» **Work to be completed**: From the first line of the material below through the line containing "Functional laundry room", print every line exactly as it stands, but no pictures.
——————
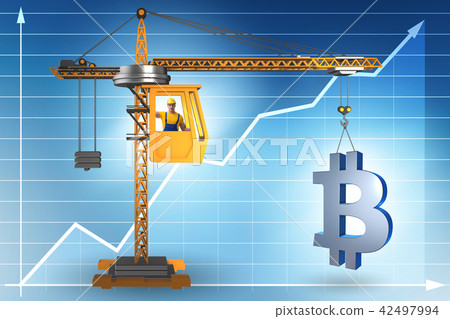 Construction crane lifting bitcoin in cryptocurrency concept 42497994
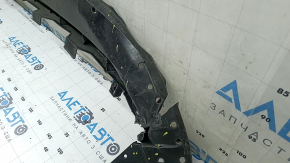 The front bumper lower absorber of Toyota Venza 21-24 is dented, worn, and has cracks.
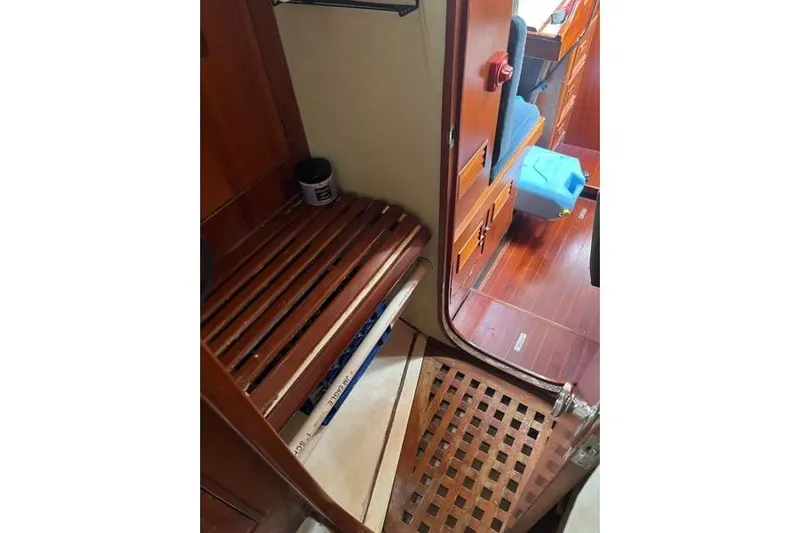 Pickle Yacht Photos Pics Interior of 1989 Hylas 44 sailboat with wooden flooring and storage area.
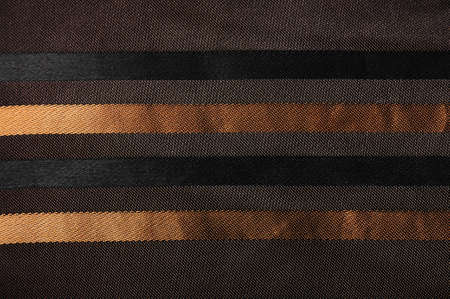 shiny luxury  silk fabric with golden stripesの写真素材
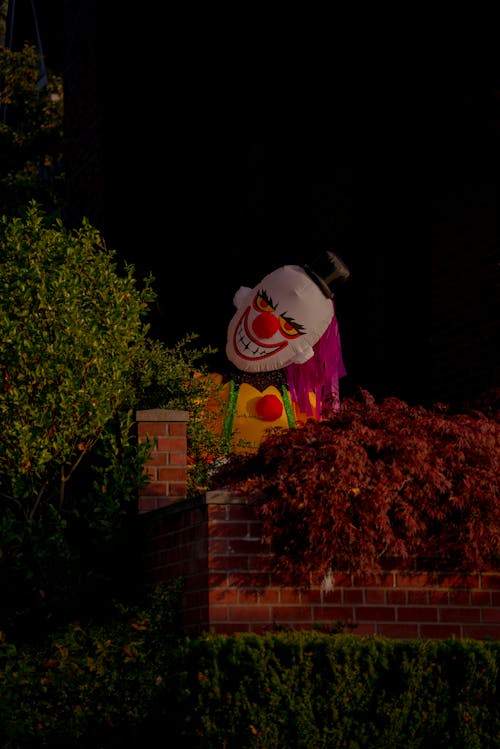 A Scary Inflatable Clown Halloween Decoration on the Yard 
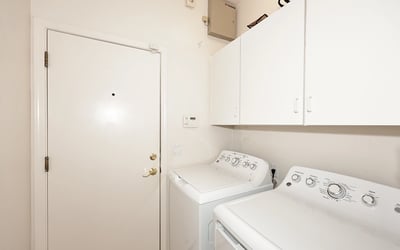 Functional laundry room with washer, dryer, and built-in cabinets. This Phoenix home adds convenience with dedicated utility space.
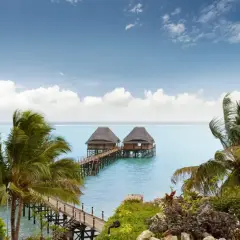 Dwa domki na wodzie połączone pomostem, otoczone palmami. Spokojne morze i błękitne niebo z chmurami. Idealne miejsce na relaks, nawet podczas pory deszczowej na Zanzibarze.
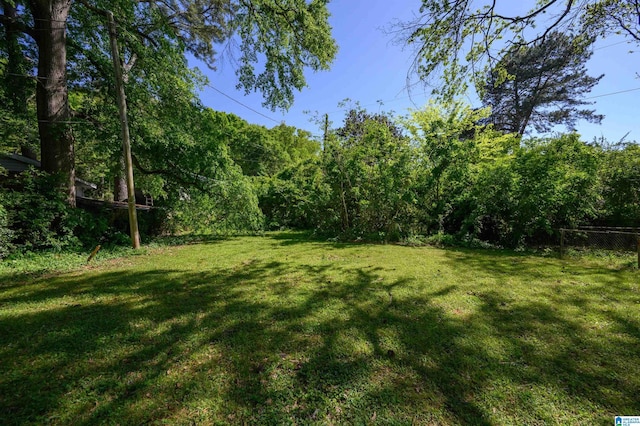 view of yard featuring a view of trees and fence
——————
» **Solution to this task**:
 Construction crane lifting bitcoin in cryptocurrency concept 42497994
 The front bumper lower absorber of Toyota Venza 21-24 is dented, worn, and has cracks.
 Pickle Yacht Photos Pics Interior of 1989 Hylas 44 sailboat with wooden flooring and storage area.
 shiny luxury  silk fabric with golden stripesの写真素材
 A Scary Inflatable Clown Halloween Decoration on the Yard 
 Functional laundry room with washer, dryer, and built-in cabinets. This Phoenix home adds convenience with dedicated utility space.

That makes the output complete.